Your instructions:
Locate the word "Devant" in the material, then show every line that holds it.

Working data:
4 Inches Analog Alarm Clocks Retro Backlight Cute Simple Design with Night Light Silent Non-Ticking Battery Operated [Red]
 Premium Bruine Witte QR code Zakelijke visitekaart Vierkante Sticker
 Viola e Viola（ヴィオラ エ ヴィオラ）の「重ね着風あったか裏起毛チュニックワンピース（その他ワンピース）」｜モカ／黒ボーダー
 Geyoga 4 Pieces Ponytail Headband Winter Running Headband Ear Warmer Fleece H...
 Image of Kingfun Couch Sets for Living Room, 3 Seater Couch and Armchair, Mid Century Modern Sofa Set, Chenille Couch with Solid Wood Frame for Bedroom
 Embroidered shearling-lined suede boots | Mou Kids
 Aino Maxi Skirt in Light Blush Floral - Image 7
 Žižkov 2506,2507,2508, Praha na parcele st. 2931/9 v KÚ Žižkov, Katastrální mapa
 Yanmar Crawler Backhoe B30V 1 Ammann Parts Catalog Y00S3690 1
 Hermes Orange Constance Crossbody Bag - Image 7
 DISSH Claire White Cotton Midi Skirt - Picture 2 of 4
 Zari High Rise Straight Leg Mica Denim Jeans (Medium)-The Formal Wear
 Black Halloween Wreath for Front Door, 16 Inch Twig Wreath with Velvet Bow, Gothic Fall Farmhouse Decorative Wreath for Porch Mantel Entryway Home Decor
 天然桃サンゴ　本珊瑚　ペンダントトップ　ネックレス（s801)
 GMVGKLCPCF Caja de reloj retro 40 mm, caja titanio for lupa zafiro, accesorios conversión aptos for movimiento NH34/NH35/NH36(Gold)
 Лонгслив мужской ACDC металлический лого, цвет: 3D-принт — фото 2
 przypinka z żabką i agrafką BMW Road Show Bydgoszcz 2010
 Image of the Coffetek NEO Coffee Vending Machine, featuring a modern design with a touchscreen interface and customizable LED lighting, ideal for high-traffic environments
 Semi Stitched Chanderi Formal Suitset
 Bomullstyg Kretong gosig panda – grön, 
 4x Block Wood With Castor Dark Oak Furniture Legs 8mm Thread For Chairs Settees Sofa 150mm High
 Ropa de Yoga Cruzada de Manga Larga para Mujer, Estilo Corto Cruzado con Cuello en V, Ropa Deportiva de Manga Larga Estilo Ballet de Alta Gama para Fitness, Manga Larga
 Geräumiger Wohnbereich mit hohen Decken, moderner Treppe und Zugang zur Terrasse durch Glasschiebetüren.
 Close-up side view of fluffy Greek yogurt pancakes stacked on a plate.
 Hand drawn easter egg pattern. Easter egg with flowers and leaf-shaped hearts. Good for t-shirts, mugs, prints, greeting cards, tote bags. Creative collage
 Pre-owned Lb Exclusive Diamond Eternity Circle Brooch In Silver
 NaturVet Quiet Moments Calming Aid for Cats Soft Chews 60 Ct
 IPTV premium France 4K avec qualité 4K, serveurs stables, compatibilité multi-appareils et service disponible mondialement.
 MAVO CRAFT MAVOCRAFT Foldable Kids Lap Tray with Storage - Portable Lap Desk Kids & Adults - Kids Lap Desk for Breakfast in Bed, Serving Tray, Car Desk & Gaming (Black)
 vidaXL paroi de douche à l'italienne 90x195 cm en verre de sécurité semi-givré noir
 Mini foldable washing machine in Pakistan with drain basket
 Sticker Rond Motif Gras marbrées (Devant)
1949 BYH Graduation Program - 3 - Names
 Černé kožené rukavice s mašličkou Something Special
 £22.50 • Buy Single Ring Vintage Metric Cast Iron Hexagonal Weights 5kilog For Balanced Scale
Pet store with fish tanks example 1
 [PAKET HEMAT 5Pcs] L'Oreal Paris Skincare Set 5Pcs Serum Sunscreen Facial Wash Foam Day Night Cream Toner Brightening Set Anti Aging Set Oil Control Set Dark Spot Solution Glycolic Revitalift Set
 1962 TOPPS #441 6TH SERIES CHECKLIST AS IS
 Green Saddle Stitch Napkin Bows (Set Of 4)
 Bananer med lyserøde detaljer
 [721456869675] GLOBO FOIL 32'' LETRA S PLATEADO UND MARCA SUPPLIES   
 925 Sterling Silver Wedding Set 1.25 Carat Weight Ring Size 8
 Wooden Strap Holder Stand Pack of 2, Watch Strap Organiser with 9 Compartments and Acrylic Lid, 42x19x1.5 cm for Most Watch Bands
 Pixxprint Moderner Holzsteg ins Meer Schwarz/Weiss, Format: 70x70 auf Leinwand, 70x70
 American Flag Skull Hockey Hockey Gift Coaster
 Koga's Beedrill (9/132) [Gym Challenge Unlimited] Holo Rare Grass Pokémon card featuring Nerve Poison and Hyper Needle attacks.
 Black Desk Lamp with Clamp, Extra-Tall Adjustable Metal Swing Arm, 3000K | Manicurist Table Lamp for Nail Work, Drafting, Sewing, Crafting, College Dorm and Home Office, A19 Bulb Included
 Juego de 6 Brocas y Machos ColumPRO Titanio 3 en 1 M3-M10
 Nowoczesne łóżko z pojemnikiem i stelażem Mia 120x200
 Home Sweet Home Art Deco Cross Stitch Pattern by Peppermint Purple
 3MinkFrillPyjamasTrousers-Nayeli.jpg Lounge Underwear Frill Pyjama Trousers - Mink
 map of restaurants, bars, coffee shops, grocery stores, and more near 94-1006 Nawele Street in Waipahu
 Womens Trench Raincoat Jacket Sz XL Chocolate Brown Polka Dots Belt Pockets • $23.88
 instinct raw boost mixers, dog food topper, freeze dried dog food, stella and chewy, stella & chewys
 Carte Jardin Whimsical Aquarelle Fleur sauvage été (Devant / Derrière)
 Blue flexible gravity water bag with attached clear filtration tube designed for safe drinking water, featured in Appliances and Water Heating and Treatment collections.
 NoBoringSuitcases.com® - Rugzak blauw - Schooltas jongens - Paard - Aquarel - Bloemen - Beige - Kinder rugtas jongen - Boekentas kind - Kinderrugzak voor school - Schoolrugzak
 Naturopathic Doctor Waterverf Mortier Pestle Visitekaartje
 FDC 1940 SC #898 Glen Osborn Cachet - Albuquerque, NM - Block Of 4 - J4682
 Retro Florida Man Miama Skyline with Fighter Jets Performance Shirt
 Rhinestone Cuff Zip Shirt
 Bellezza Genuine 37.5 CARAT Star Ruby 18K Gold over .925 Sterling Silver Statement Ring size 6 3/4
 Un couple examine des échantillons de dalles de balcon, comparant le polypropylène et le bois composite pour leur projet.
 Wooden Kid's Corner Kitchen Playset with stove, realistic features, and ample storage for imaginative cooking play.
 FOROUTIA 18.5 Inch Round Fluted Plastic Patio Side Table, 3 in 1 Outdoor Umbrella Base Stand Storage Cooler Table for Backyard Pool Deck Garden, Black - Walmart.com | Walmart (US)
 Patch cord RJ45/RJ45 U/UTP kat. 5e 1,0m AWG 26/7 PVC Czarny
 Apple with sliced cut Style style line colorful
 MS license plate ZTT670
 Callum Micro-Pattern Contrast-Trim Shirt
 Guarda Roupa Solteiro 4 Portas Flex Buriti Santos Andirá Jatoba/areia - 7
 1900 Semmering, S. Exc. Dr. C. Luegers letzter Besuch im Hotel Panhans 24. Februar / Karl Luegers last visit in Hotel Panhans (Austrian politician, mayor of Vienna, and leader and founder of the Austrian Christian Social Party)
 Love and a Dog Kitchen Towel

Exercise result:
 Sticker Rond Motif Gras marbrées (Devant)
 Carte Jardin Whimsical Aquarelle Fleur sauvage été (Devant / Derrière)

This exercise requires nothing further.